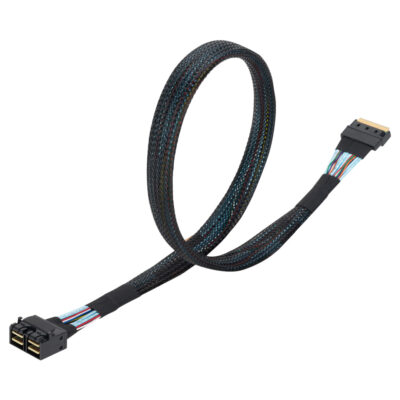 SilverStone CPS08-8i Mini SAS HD to SlimSAS 8i Internal Cable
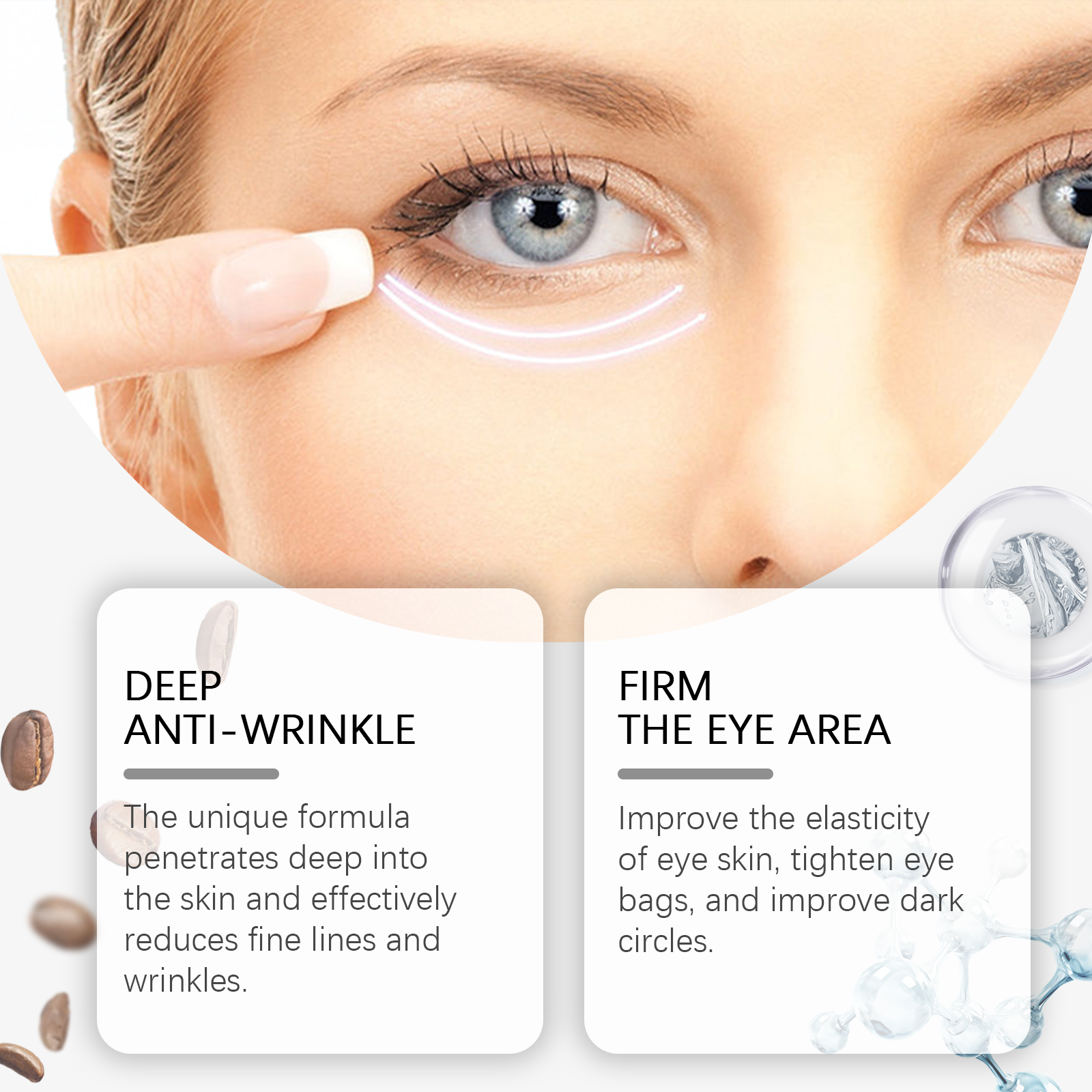 Firming Eye Cream Moisturizes And Tightens The Skin Around The Eyes And Lightens Fine Lines - Korvel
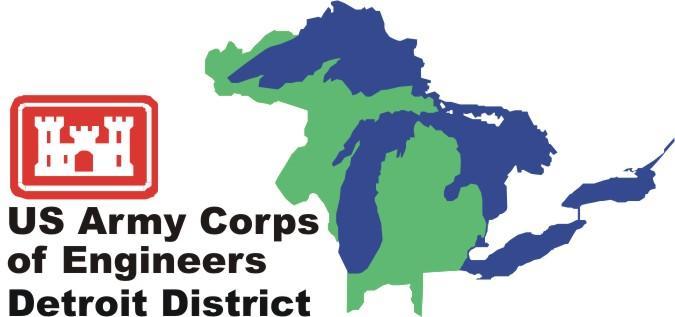 Great Lakes Update Volume 193: 2015 January through June Summary The U.S. Army Corps of Engineers (USACE) monitors the water levels of each of the Great Lakes.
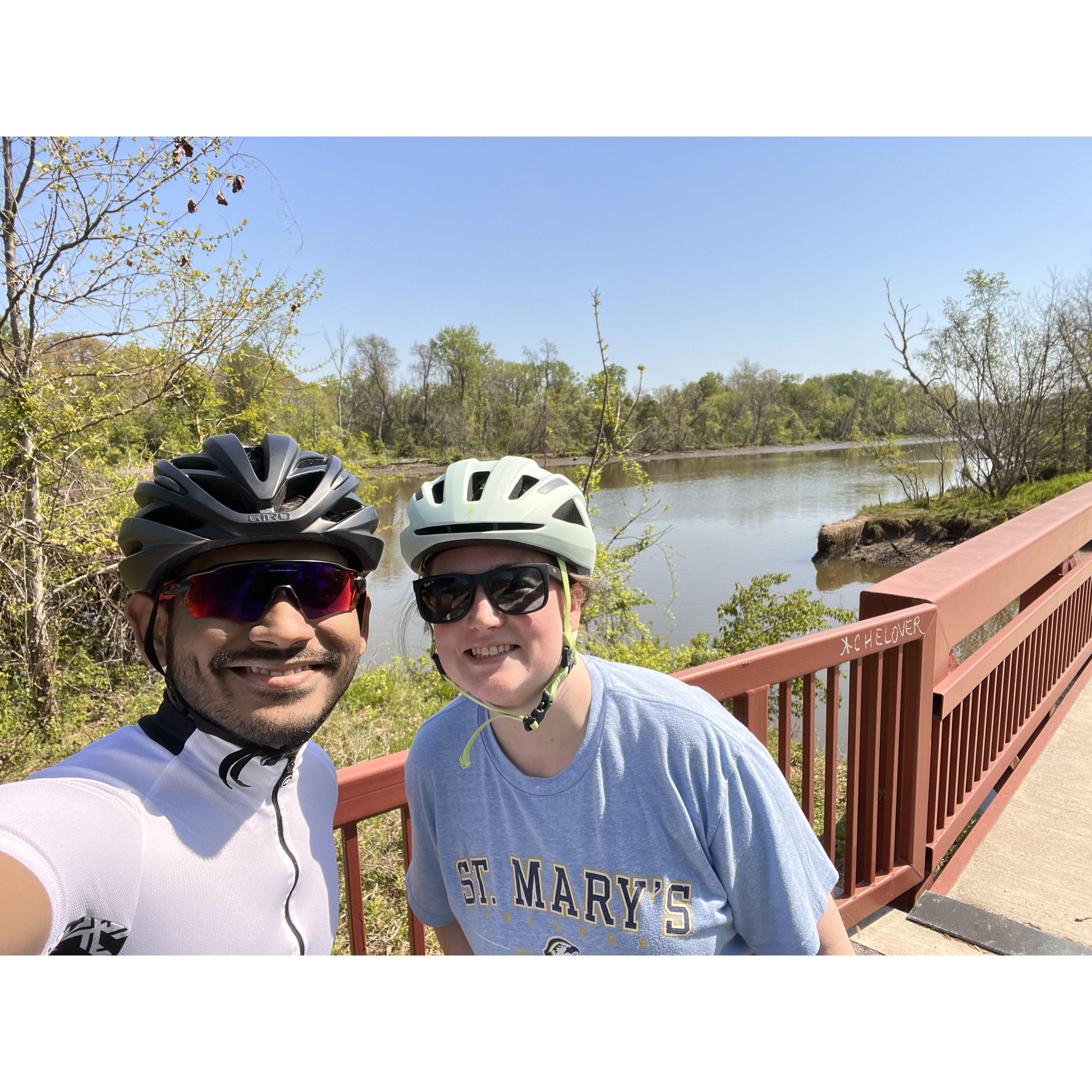 Our first bike ride... 30 miles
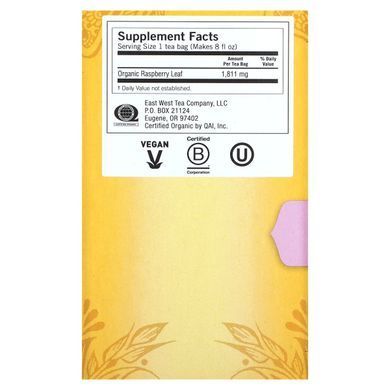 Tea from raspberry leaves caffeine-free Yogi Tea (Womans Raspberry Leaf) 16 tea bags 29 g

### DESCRIPTION OF THE TASK
Repeat the full listing above exactly, with no pictures in the copy.

### SOLUTION
 SilverStone CPS08-8i Mini SAS HD to SlimSAS 8i Internal Cable
 Firming Eye Cream Moisturizes And Tightens The Skin Around The Eyes And Lightens Fine Lines - Korvel
 Great Lakes Update Volume 193: 2015 January through June Summary The U.S. Army Corps of Engineers (USACE) monitors the water levels of each of the Great Lakes.
 Our first bike ride... 30 miles
 Tea from raspberry leaves caffeine-free Yogi Tea (Womans Raspberry Leaf) 16 tea bags 29 g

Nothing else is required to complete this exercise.